Interpublic Group’s (IPG) integrated agency Hill Holliday has launched its own programmatic unit, headed up by EVP and Chief Media Officer Cindy Stockwell. Faithful followers of the agency will recall this isn’t the first time Hill Holliday has offered programmatic-type services.
But changing client demands spurred the agency’s decision two months ago to move away from a managed service model, Stockwell told AdExchanger.
The issue with managed services? Lack of transparency. While Stockwell insists Hill Holliday has “always been transparent,” she claimed it’s a problem that afflicts the industry in general. When her team began poking around, it was initially difficult to figure out what exactly clients paid for in a managed services model.
“We had to lift that veil,” she recalled. “When we did and saw the pricing going on, we felt the services the DSPs [demand-side platforms] were providing was something we could provide as well, if not better, by having staff on site.”
Hill Holliday has twelve employees in its programmatic unit and will hire more as its clients shift dollars into the space, said Katie Thompson, the agency’s VP and associate media director. Funds clients save by not having to pay managed services fees can then go back into buying more media, Stockwell added.
Currently, Hill Holliday has moved four of its biggest clients into the programmatic unit, where clients allocate anywhere between 5% and 15% of their advertising budgets. The agency will bring in more brands in January 2015 and by Q2 2015, it hopes to manage programmatic buying for all of its 39 clients.
As part of this initiative, Hill Holliday is working closely with three strategic DSPs, with Turn as its biggest partner to date. The agency is not, however, using Turn’s data-management platform (DMP) because many of its clients, especially the larger companies with lots of first-party data, already have a preferred solution.
Hill Holliday preferred to partner instead of acquire or build its own technology. “We don’t want to be hamstrung by building the technology in-house and constantly having to update it,” Thompson said. “We can work with whoever is being most innovative in this space.
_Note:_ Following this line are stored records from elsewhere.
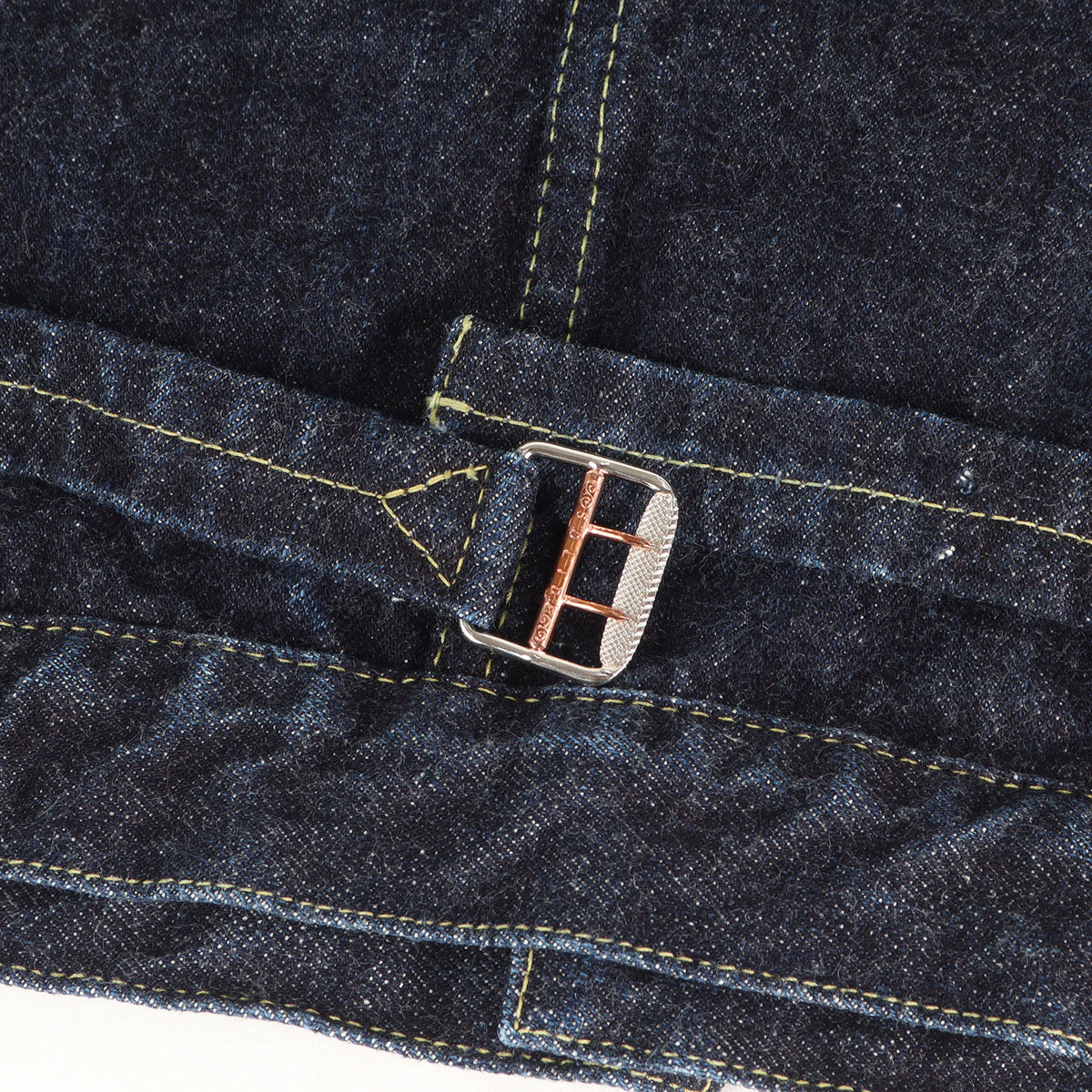 [人気モデル 濃紺] 大戦 1st タイプ Tバック デニムジャケット (S40's Jacket 14oz)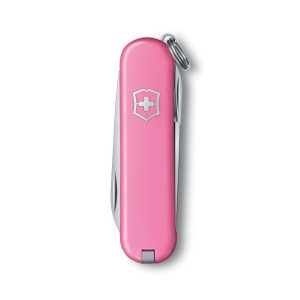 Victorinox zakmes - Classic SD - roze - 7 functies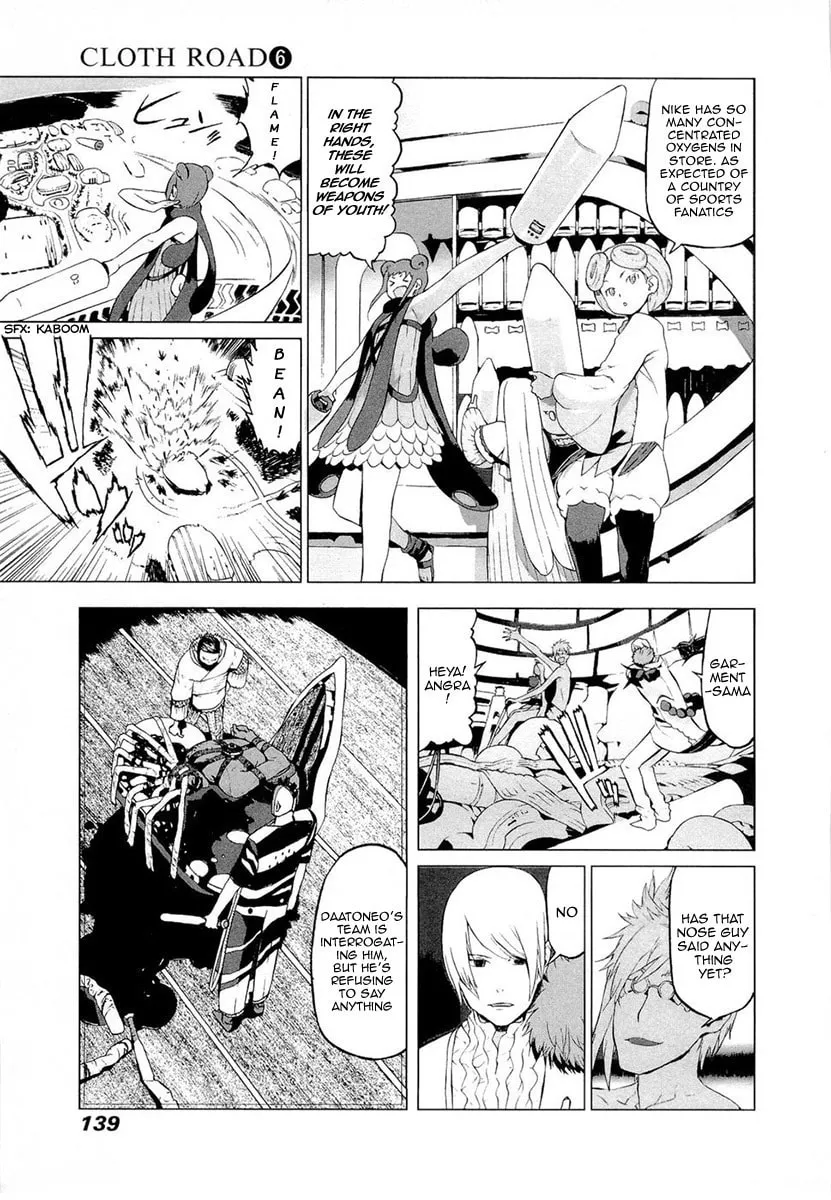 Cloth Road Chapter 45 page 13 -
It’s very likely a new DSP might come into this space next year and change the game.”
See-Through
Transparency – which generally means showing the price and placements of media buys – has been a rallying cry among brands. Ad networks like Rocket Fuel have felt the heat. And holding companies, in the ultimate exercise of pots insulting kettles, gleefully toss around accusations of opacity like kids playing hot potato.
Many brands – especially the big ad spenders – seem fed up. They want their digital buys to be more transparent for a number of reasons. Some want to evaluate their buying efficiencies over time. Others believe they can do a better job segmenting and targeting consumers.
“The agencies who work with those brands every day and sit in those meetings understand [our target audience],” Kraft VP of media and engagement Bob Rupczynski told AdExchanger in a previous interview. “But many of the vendors in this space can never identify the segments, the cues and signals that would put [consumers] in the segmentation in a way we understand it.” (Kraft’s media agency is Publicis Groupe’s Starcom.)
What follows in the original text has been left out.